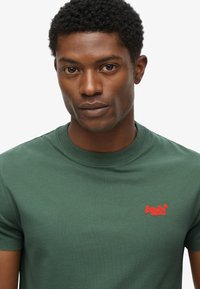 Mand med kort, krøllet hår iført en grøn SuperDry T-shirt med rødt logo på venstre bryst, der ser direkte frem mod en hvid baggrund.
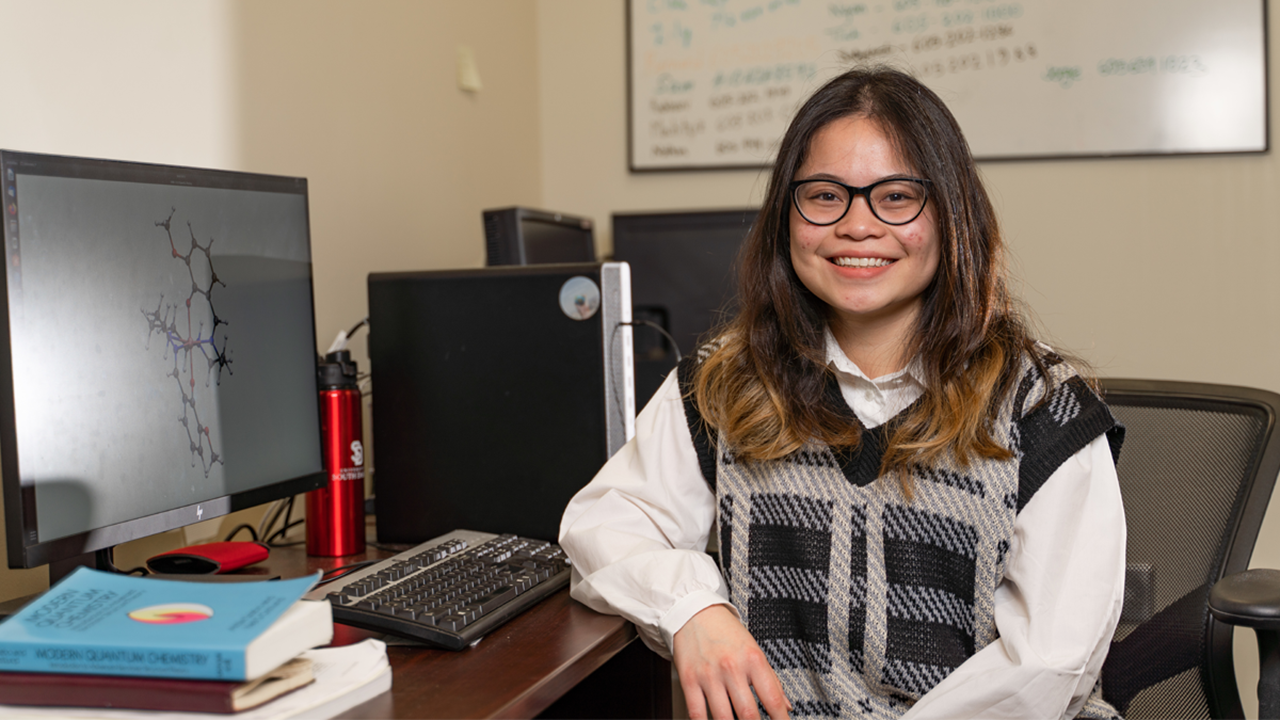 A student sitting at a desk with books and a computer behind them.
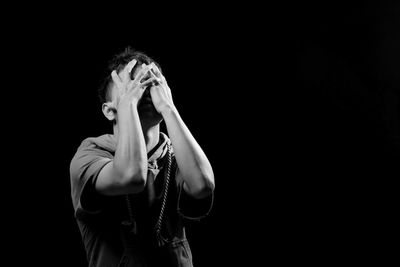 Portrait of young man covering face against black background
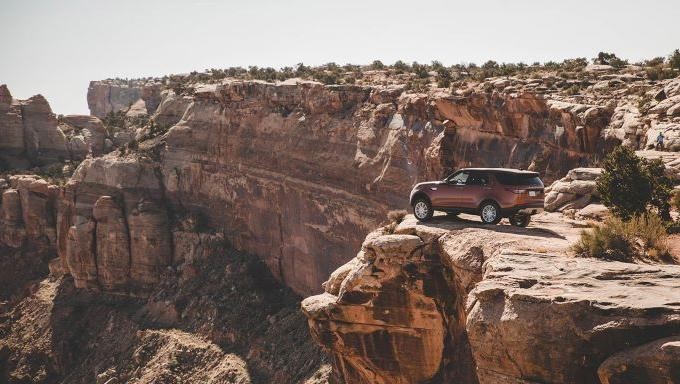 Land Rover vehicle parked beside cliff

## About this exercise
Each line from the one with "Portrait of young" to the end of the material needs to be output word for word, with no picture included.

## Written response
 Portrait of young man covering face against black background
 Land Rover vehicle parked beside cliff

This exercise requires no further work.